In individuals, insanity is rare; but in groups, parties, nations and epochs, it is the rule. Friedrich Nietzsche

Historical Insanity

Meet the Presidential Losers

President Donald J. Trump (R-Florida) joined an exclusive and dubious club in November 2020. Trump became the ninth sitting U.S. president to lose reelection.

Trump joined seven other men who learned the hard way that the presidency does not guarantee electoral victory. So who were the presidential losers who preceded Trump, and what can we learn from them?

Here are some short historical monographs about the Presidential losers:

John Adams, the First Presidential Loser

John Adams (F-Massachusetts), the second president, was the first presidential loser. Losing was not the only first for this Founding Father. Adams was also the first president to live in Washington, D.C., and sleep in the White House.

Adams lost reelection because his party and policies were completely out of touch with the American people. To elaborate, Adams’ Federalist Party was pro-British and in favor of a powerful federal government with a professional military establishment and a central bank.

Those policies became political suicide in a country that had just fought a destructive colonial war with the British Empire. In the early 19th Century, many Americans viewed a powerful government, a central bank, and a professional military as British institutions.

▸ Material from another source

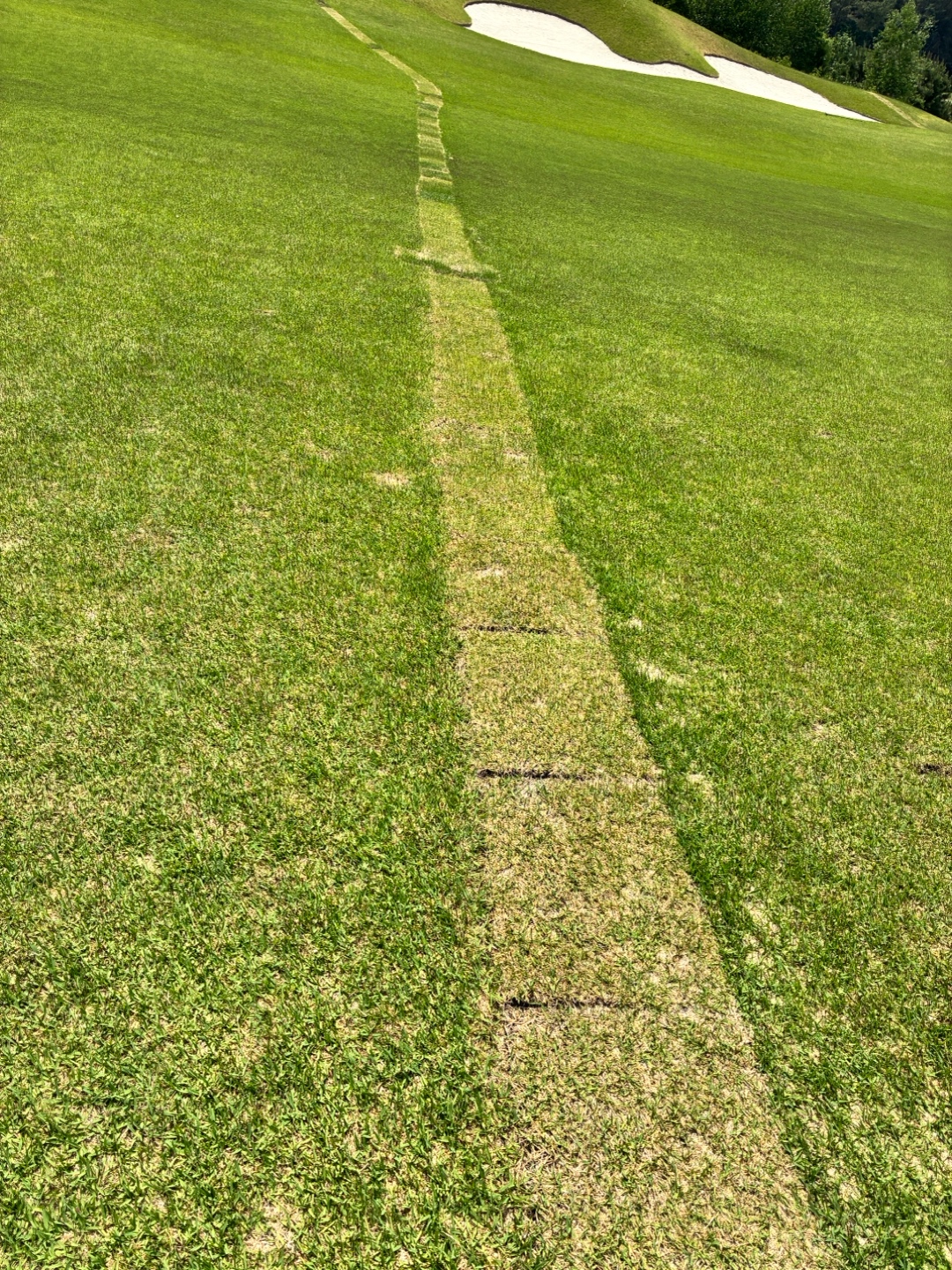 Post image 6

The retirement and death of the Federalists’ only political star George Washington doomed the party. Adams found himself with no support and incapable of resisting the rise of Thomas Jefferson’s popular Republican Party.

In 1800, two Republicans; members of the party historians call Democratic Republicans, Aaron Burr (R-New York) and Thomas Jefferson (R-Virginia) received more votes than Adams. Jefferson became president after a nasty political battle in the U.S. House of Representatives.

Adams, a sore loser, refused to attend the inauguration of his friend, Jefferson, slinked off into retirement and obscurity. Adams became the first person to discover that being a presidential loser is no fun.

The former president spent the rest of his life working on his farm and writing letters complaining about the political situation. However, Adams did long live long enough to see his son elected John Quincy Adams elected president.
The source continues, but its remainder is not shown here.